Devi Kushmanda adhyaya 
During a marriage ritual when Parvati is asked to wash Shiva's foot. Shiva informs that he had to wash her foot. Puzzled Parvati states that she was only a human. Then, Parvati learns about who she really is with the help of Shiva and takes the avatar of Kushmanda one who is the goddess of cosmos.

Devi Annapurna adhyaya 
Then Devi arranges a feast in Kailash where all Devas are invited. There Devas get satisfied with the food prepared by Devi and Devi assures that Tarakasura will be surely slayed by hers and Shiva's child. Then Devi takes the avatar of Annapurna. Meanwhile, Devi Ganga is forced to go into the earth, away from the Svarga to give moksha for ancestors. So, infuriated Ganga tries to destroy the earth by using her complete force. So, Lord Shiva takes her in his hair band and releases her calmly in the earth.

Devi Lalitha adhyaya 
Rishi Bhringi arrives to Kailasha to pray Lord Shiva. He offers prayer only to Shiva dishonoring Devi Parvati. He also informs that a lady is not enough to be prayed. Infuriated Parvati merges with Lord Shiva to take the avatar of Ardhanarishvara and stated that both male and female are equal. Meanwhile, Tarakasura threatens the devas by capturing Deva Lok. So Parvati and Shiva do a penance together, which results in the creation of power-ball.

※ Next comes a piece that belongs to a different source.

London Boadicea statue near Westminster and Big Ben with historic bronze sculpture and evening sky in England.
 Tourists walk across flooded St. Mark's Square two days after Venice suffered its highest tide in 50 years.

To slay Bhandasura who tries to destroy the power-ball, Devi Parvathi takes the form of Lalitha and slays him with the acceptance of Rati.

Devi Kartika adhyaya 
But by the act of Bhandasura, the power ball fell down into the river. At last it smashed in a stone and turned into six pieces that turned into six children which was caught by Kartikai ladies in Kartikai loka. To test Kartikai ladies' love towards the children, Parvati takes the disguise as Devi Kartika and tests them.

Devi Skandamata adhyaya 
In this test, Kartikai ladies got passed. Also, in Kartikai loka, no negative energies can't enter. So, Parvati thinks that Kartikai loka is safer that Kailash. Therefore, she left her children with them and reunited all the six children into Kartikeya (son of Karthikai ladies) or Skanda (one who born from stone smash) and she got the name of Skandamata.

Ashta Matrika adhyaya 
After this, they are threatened by the demon duos Shumbha and Nishumbha, another sons of Diti. Shumbha falls in love with Parvati. He orders Chanda and Munda to bring her to the netherworld. Angered by this, Parvati changes into Kali, her untamed warrior form with the help of the Ashta matrikas. Then as Kali, she slays Chanda-Munda. Frightened Shumbha asks the help from Diti, who sends Raktabija and Devi Kali kills him and drinks his blood. To calm Devi Kali, Lord Shiva falls in the path of her. Kali steps on him and realises her mistake. To get rid of her guilt, she sacrifices all her powers and isolates herself in a cave where she gets sorrow with the help of Rishi Markandeya and who indeed helps him for writing Markandeya Purana.

Devi Kaushiki adhyaya 
On the other hand, to bring Parvati to netherworld, Nishumbha comes to the cave. First Devi Parvati goes inside Karthika loka and slays the demon who tried to kill Kartikeya by changing into a peacock as only positive energies can enter there. Then, to kill Nishumbha, Parvati takes the form of Devi Kaushiki and slays him.

Devi Mahagauri adhyaya 
After Nishumbha's death, Devi Parvati returns to Kailasha. She got rid from the guilt of stamping her husband, she was consoled by her guru that once she was cursed that she can't bear a child for her husband's anger. Then in Kailash Devas gave her a great welcoming ceremony and gives her the name of Mahagauri.

Devi Kalratri adhyaya 
Parvati takes the form of Kalaratri to corner Shumbha and in her original divine form, she kills Shumbha. This is a huge shock to Diti. Then Kartikeya gets his adult age and to complete his purpose for birth, he goes to Kailash from Kartikai loka for learning the art of war from his real mother Parvati. Initially, he hated his mother.

Devi Katyayani adhyaya 
Parvati takes the form of Katyayani from the yagna in sage Katyayana's ashram and kills Mahishasur in order to save the inhabitants of Dev Lok and Kartikeya. Now, Kartikeya is happy with his mother. Devi Parvati teaches Kartikeya about the rules of war. Meanwhile, Tarakasura arranges a battle in Kailash. On the other hand, Kartikeya learns the art of war and battle from his mother Parvati, and succeeds in killing Tarakasura.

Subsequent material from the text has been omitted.